The ndb_1_cluster.log shows

2009-11-23 12:44:03 [MgmtSrvr] INFO     -- Mgmt server state: nodeid 1 reserved for ip 192.168.1.109, m_reserved_nodes 0000000000000000000000000000000000000000000000000000000000000002.
2009-11-23 12:44:03 [MgmtSrvr] INFO     -- Node 1: Node 1 Connected
2009-11-23 12:44:03 [MgmtSrvr] INFO     -- Id: 1, Command port: *:1186
2009-11-23 12:47:44 [MgmtSrvr] INFO     -- Mgmt server state: nodeid 2 reserved for ip 192.168.1.107, m_reserved_nodes 0000000000000000000000000000000000000000000000000000000000000006.
2009-11-23 12:47:44 [MgmtSrvr] INFO     -- Mgmt server state: nodeid 2 freed, m_reserved_nodes 0000000000000000000000000000000000000000000000000000000000000002.
2009-11-23 12:47:44 [MgmtSrvr] ALERT    -- Node 2: Forced node shutdown completed. Initiated by signal 11.
2009-11-23 12:47:57 [MgmtSrvr] INFO     -- Mgmt server state: nodeid 4 reserved for ip 192.168.1.107, m_reserved_nodes 0000000000000000000000000000000000000000000000000000000000000012.
2009-11-23 12:47:57 [MgmtSrvr] INFO     -- Node 4: mysqld --server-id=0

192.168.1.107 is the IP of my mysqld+ndbd node, and 109 is the management node IP.
[23 Nov 2009 13:28] sarang. s
Uploaded the output of ndbd_error_reporter to the ftp server here. Name of the log file : 48991_ndbd_error_reporter
[23 Nov 2009 13:44] Andrew Hutchings
Are there any other log files for node 2?  Such as ndb_2_error.log and ndb_2_trace*.  These are what we would normally use to diagnose these issues (along with the rest of the data in the upload).

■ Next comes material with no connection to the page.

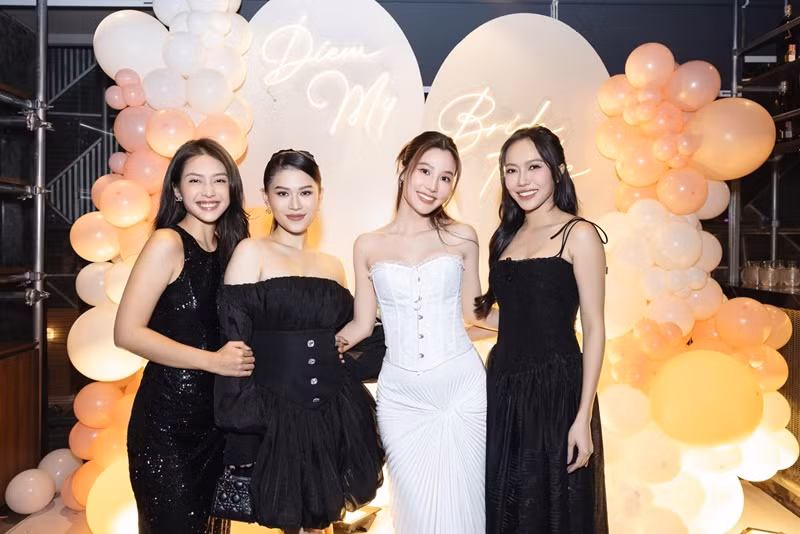 Diệu Nhi và Diễm My trở thành bạn thân sau khi đóng phim Gái già lắm chiêu. Tuy nhiên, cả hai lại rất ít khi đăng ảnh chung hay nói về nhau. Diệu Nhi chia sẻ: "Nhi cảm thấy không phải tương tác ít hay không tương tác trên mạng xã hội là không chơi với nhau đâu. Mạng xã hội chỉ là một phần để mình vui vẻ thôi. Cuộc sống bên ngoài của mình hoàn toàn khác. Và không phải cái gì bên ngoài mình cũng thể hiện hết cho mọi người thấy". Ảnh: FBNV.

If not we will really need a core file to diagnose this.
[24 Nov 2009 12:01] sarang. s
Uploaded the log file from the second data node server to the ftp server, name is : 48991_datanode2.tar
[25 Nov 2009 0:08] Andrew Hutchings
Unfortunately all this tells us is there is something wrong with the
other node (and connection problems with the management node).

We would need the error and trace files from nodeID 2 or the core file
to diagnose this.

To get a core file in RHEL (as you indicated you used off the bug tracker) please follow the instructions outlined at:

http://kbase.redhat.com/faq/docs/DOC-5353
[30 Nov 2009 7:44] sarang. s
core dump

Attachment: tmp.tar.gz (application/x-gzip, text), 538 bytes.

[11 Dec 2009 15:15] Andrew Hutchings
The file you uploaded is not a core file.  Please use the instructions provided to you offline to generate the core file.
[12 Jan 2010 0:00] Bugs System
No feedback was provided for this bug for over a month, so it is
being suspended automatically. If you are able to provide the
information that was originally requested, please do so and change
the status of the bug back to "Open".